If you get an error about undefined reference to '_xmlFreeTextReader', you need to specify the location of the XML libraries with the -DLIBXML2_LIBRARIES option:
$ cmake ../openbabel-2.3.1 -DLIBXML2_LIBRARIES=/usr/lib/libxml2.dll.a
The language bindings don’t seem to work under Cygwin. If you can get them to work, let us know. Also remember that anything that uses Cygwin runs slower than a native build using MinGW or MSVC++, so if speed is an issue you might prefer to compile with MinGW or MSVC++.
Open Babel builds out of the box with MinGW. It’s an awkward system to set up though, so here are some step-by-step instructions...TODO
The main Windows build used by Open Babel uses the Microsoft Visual C++ compiler (MSVC).
Set up the following environment variables:
- Add the CMake bin directory to the PATH.
- (Optional, see Requirements above) Set EIGEN2_INCLUDE_DIR to the location of the top level Eigen directory (if installed).
- (Optional, required for GUI) Set WXWIN to the top level directory of wxWidgets (if installed).
Install the Microsoft Visual C++ 2008 (or newer) compiler.
We use the Visual C++ 2008 (9.0) Express Edition (available for free). If you use MSVC++ 2010, open windows-vc2008/default_build.bat in a text editor and change the Visual Studio 9 2008 to Visual Studio 10.
CMake caches some variables from run-to-run. How can I wipe the cache to start from scratch?
Delete CMakeCache.txt in the build directory. This is also a very useful file to look into if you have any problems.
How do I specify the location of the XML libraries?
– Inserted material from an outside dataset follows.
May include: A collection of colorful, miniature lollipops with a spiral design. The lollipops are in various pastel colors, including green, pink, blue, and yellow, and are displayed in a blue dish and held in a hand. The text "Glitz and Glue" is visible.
CMake should find these automatically if they are installed system-wide. If you need to specify them, try using the -DLIBXML2_LIBRARIES=wherever option with CMake to specify the location of the DLL or SO file, and -DLIBXML2_INCLUDE_DIR=wherever to specify the location of the header files.
How do I specify the location of the ZLIB libraries?
CMake should find these automatically if they are installed system-wide. If you need to specify them, try using the -DZLIB_LIBRARY=wherever option with CMake to specify the location of the DLL or SO file, and -DZLIB_INCLUDE_DIR=wherever to specify the location of the header files.
What environment variables affect how Open Babel finds formats, plugins and libraries?
How do I control whether the tests are built?
The CMake option -DENABLE_TESTS=ON or OFF will look after this. To actually run the tests, use make tests.
How do I do a debug build?
-DCMAKE_BUILD_TYPE=Debug does a debug build (gcc -g). To revert to a regular build use -DCMAKE_BUILD_TYPE=Release.
How do I see what commands cmake is using to build?
Run Make as follows:
$ VERBOSE=1 make
How do I build one specific target?
Just specify the target when running Make. The following just builds the Python bindings:
$ make _openbabel
To speed things up, you can ask Make to ignore dependencies:
$ make _openbabel/fast
How do I create the SWIG bindings?
Use the -DRUN_SWIG=ON option with CMake. This requires SWIG 2.0 or newer. If the SWIG executable is not on the PATH, you will need to specify its location with -DSWIG_EXECUTABLE=wherever.
How do I build the Doxygen documentation?
Use the -DBUILD_DOCS=ON option with CMake. If the Doxygen executable is not on the PATH, you will need to specify its location with -DDOXYGEN_EXECUTABLE=wherever.